“En la cruz está la gloria y el honor, y en el padecer dolor, vida y consuelo, y el camino más seguro para el cielo.”
Hoy 15 de octubre la Iglesia católica celebra la Fiesta en
honor a Santa Teresa de Jesús o de Ávila, Virgen y Doctora de la Iglesia, una
española y mística carmelita, patrona de las escritoras: La primera mujer, junto a Santa Catalina de Sena que recibe el título de Doctora de la Iglesia.
“Nada te turbe, nada te espante, todo se pasa, Dios no se
muda, la paciencia todo lo alcanza; quien a Dios tiene nada le falta: solo Dios
basta”. Estas líneas
corresponden a uno de los poemas que escribió la gran Santa Teresa de Jesús, la
primera mujer declarada Doctora de la Iglesia, y que pueden ser consideradas
como una de las plegarias más hermosas que existen. Santa Teresa de Jesús —o de
Ávila, en virtud del lugar donde nació— fue la reformadora del Carmelo en el
siglo XVI, y fundadora de la Orden de las Carmelitas Descalzas.

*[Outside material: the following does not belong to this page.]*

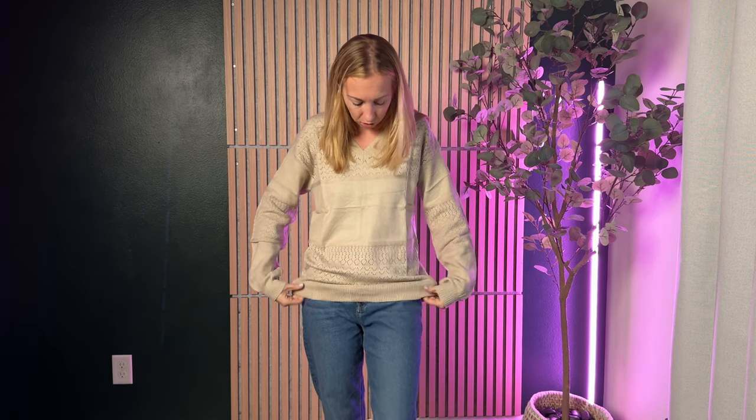Overall though I think the sweater is really cute. I like the eyelet details across the sweater, and I like the elastic stitching around the wrists and around the bottom to give it a little more shape. Honestly it is really soft and really cozy.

Santa Teresa de Jesús nació en Ávila, España, el 28 de marzo
de 1515. Su nombre, Teresa de Cepeda y Ahumada, hija de Alonso Sánchez de
Cepeda y Beatriz Dávila Ahumada. En su casa eran 12 hijos. Tres del primer
matrimonio de Don Alonso y nueve del segundo, entre estos últimos, Teresa.
Escribe en su autobiografía: “Por la gracia de Dios, todos mis hermanos y
medios hermanos se asemejaban en la virtud a mis buenos padres, menos yo”.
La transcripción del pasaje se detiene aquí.